WHAT YOU NEED TO DO: Word for word, restate the lines from the one containing "used 2021 Honda HR-V car, priced at $23,333" through the last line of the material, and include no pictures.

GIVEN DATA:
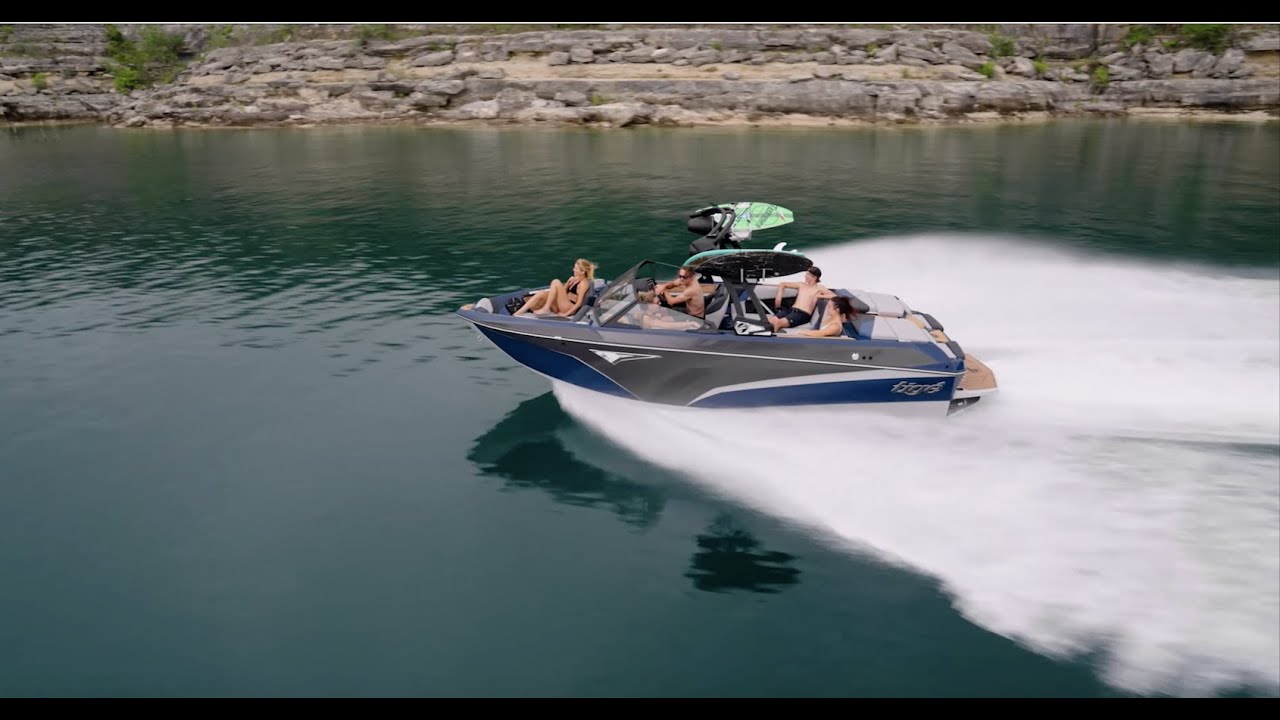 All-New 2022 Tige Boats Z1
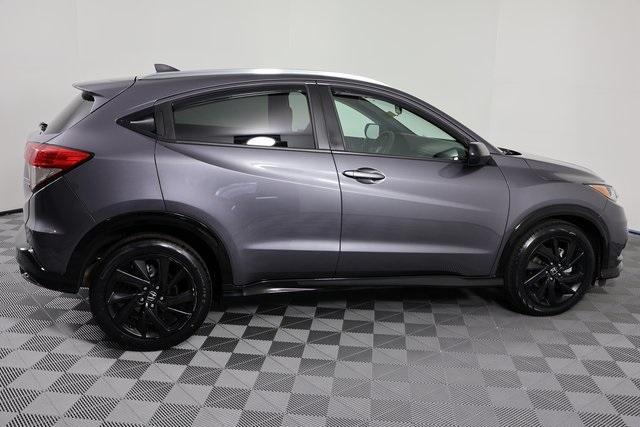 used 2021 Honda HR-V car, priced at $23,333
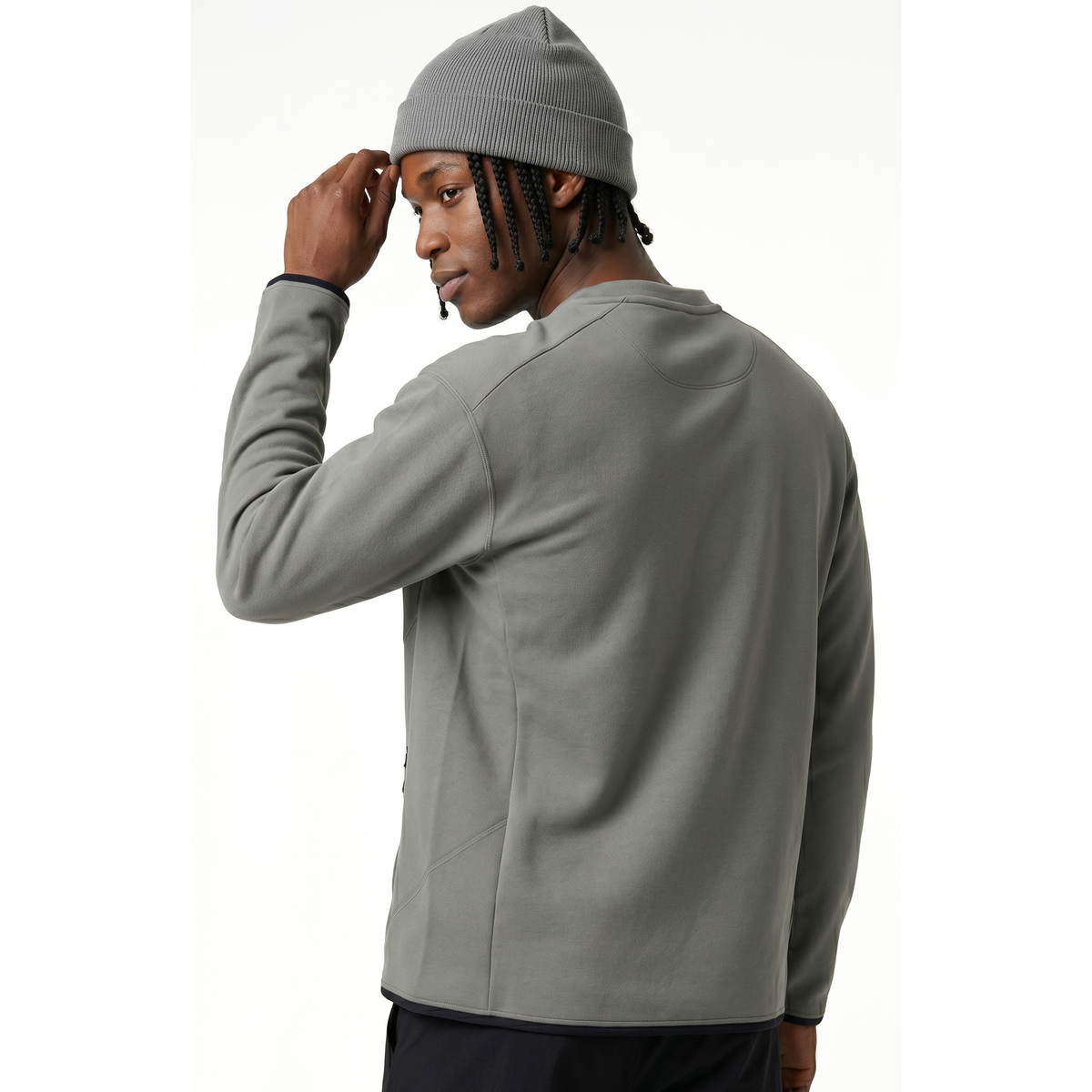 SWEATSHIRT NORTHPEAK AERO MEN'S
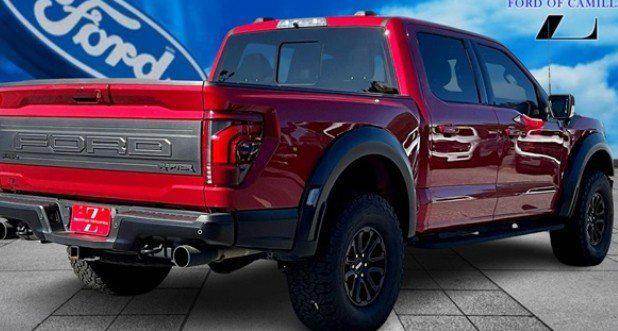 2024 Ford F-150 Raptor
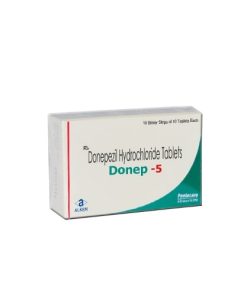Donep 5 Mg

ANSWER BOX:
 used 2021 Honda HR-V car, priced at $23,333
 SWEATSHIRT NORTHPEAK AERO MEN'S
 2024 Ford F-150 Raptor
Donep 5 Mg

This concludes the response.